Until last Friday that is when I went behind the scenes with council leader David Tutt to have a look at the place now that the previous incumbents have left and the keys have been handed back to the council.
And I feel very, very sorry for anyone who has eaten there in the last couple of years.
Even though it has been cleaned, it looks more like an Eastern European canteen (a politician’s quote, not mine) than it ever did when it was open.
It’s absolutely filthy, your feet stick to the carpet, there’s old food lying about which looks as if it came out of the ark, there are holes in the roof, trees growing out of the walls and grease everywhere you look.
The council has got its work cut out in getting it back open in any shape or form and it’s obvious it needs hundreds of thousands of pounds spending on it.
Three things struck me while I was there.
Firstly, and I must be careful as this is a family newspaper, how on earth could the tenants left it in such a filthy state?
When you move house you generally tend to leave it spotless so people don’t complain about what a two and eight you left the place in.
The tenants certainly didn’t.
Secondly, I asked the council what had happened to the fish whose home was the pond outside. I am told they’ve gone to good homes and the pond has been drained.
And finally, now that it’s all boarded up looking unloved and neglected, there are plans to paint the outside with art murals.
They can decorate the outside with pressed teabags as far as I’m concerned but I do want a cuppa when I get there after a stroll along the seafront.
It would be lovely if some little enterprise – like the tea and coffee kiosk in the railway centre – could set up home outside.
Or what about a mini bar to blow the cobwebs away after a stroll along the prom?

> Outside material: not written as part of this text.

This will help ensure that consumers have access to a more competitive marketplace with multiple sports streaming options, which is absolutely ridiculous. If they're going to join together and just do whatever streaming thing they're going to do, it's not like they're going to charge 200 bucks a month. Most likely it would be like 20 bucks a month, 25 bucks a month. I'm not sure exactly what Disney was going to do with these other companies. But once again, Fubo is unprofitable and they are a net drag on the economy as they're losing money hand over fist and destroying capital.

Just a thought...
Shame on the lowlife shoplifters
WHAT is the world coming to I wonder?
Last week in ASDA the father of a newborn baby put his shopping from other stores down on the floor while he used the self-service checkout and when he’d finished, he realised two lowlifes had stolen his bags,
The store knows who these people are because the two thickos, a mother and daughter, were caught on CCTV rifling through his bags while his back was turned.

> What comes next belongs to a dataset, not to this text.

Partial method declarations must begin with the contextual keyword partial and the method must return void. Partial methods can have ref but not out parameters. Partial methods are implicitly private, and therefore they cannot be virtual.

Because of data protection or some other bureaucratic nonsense, the store can’t release the CCTV and this newspaper can’t name and shame the two women.
So I hope they’re reading this and I hope they feel very ashamed of themselves for stealing newborn baby clothes and baby milk.
I’m a great believer in karma and what goes around comes around and I really hope the wicked fairy comes back very soon to bite them on the backside.